◆ **Required work**: Within the listing below, the lines to output run from the one containing "4Select the Scale" through the one containing "6Configure other settings if..."; copy them exactly and nothing else.

◆ **Entries provided**:
= = = = =

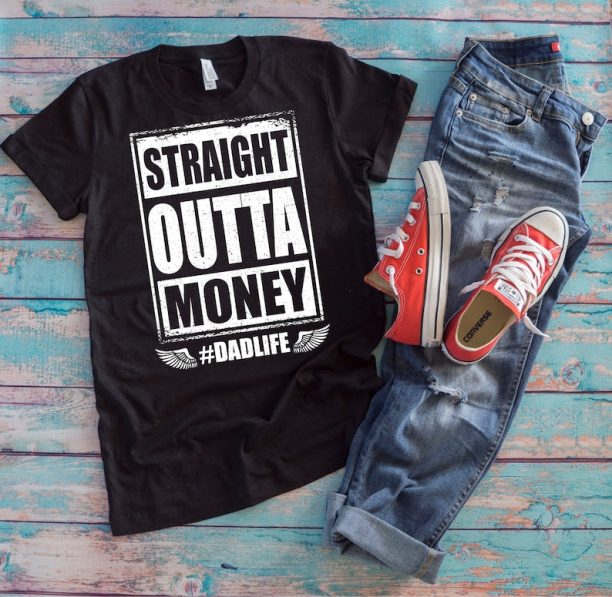 Dad Money Shirt | Straight Outta Money Dad Life | Funny Broke Dad Father's Day Gift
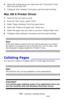 Page 108108 – Printing: Collating Pages
MC361/MC561/CX2731 MFP Advanced User’s Guide
6Select the scaling factor you need from the Conversion drop-
down list and click OK.
7Configure other settings if necessary and then start printing.
Mac OS X Printer Driver
1Open the file you want to print.
2From the File menu, select Print.
3Select Paper Handling from the panel menu.
4Select the Scale to fit paper size check box.
5Select the paper size you want to use from Output Paper Size.
6Configure other settings if...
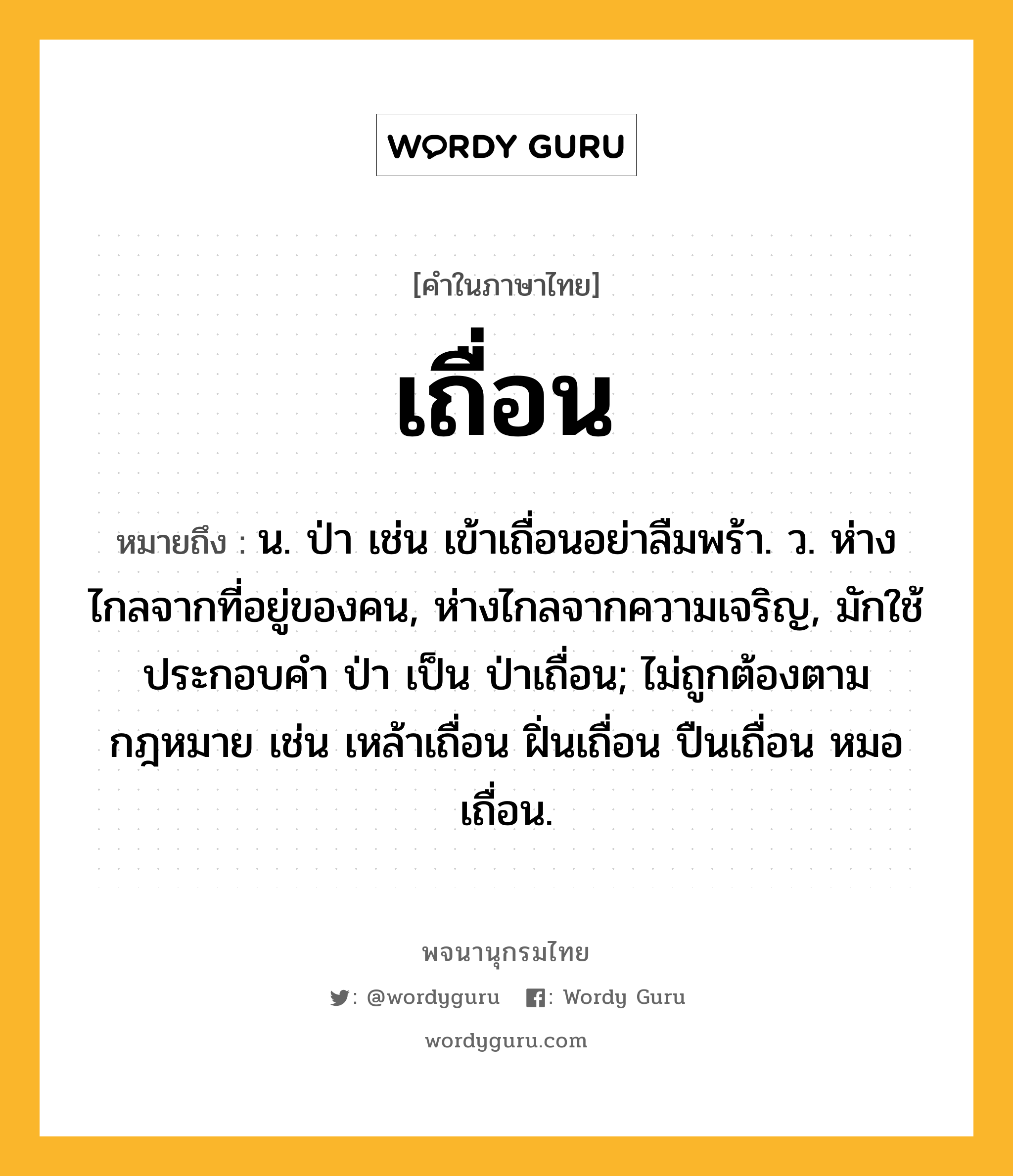 เถื่อน ความหมาย หมายถึงอะไร?, คำในภาษาไทย เถื่อน หมายถึง น. ป่า เช่น เข้าเถื่อนอย่าลืมพร้า. ว. ห่างไกลจากที่อยู่ของคน, ห่างไกลจากความเจริญ, มักใช้ประกอบคํา ป่า เป็น ป่าเถื่อน; ไม่ถูกต้องตามกฎหมาย เช่น เหล้าเถื่อน ฝิ่นเถื่อน ปืนเถื่อน หมอเถื่อน.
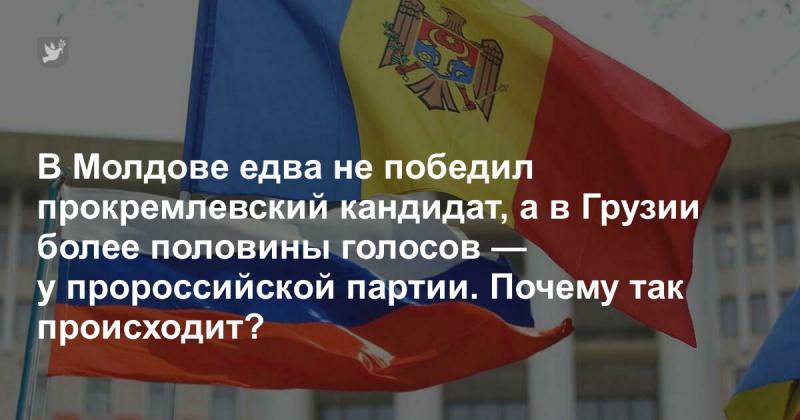 В Молдове на выборах едва не одержал победу кандидат, поддерживаемый Кремлем, а в Грузии свыше половины голосов досталось партии, ориентированной на Россию. Каковы причины таких результатов?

= = = = =

◆ **Finished exercise**:
4Select the Scale to fit paper size check box.
5Select the paper size you want to use from Output Paper Size.
6Configure other settings if...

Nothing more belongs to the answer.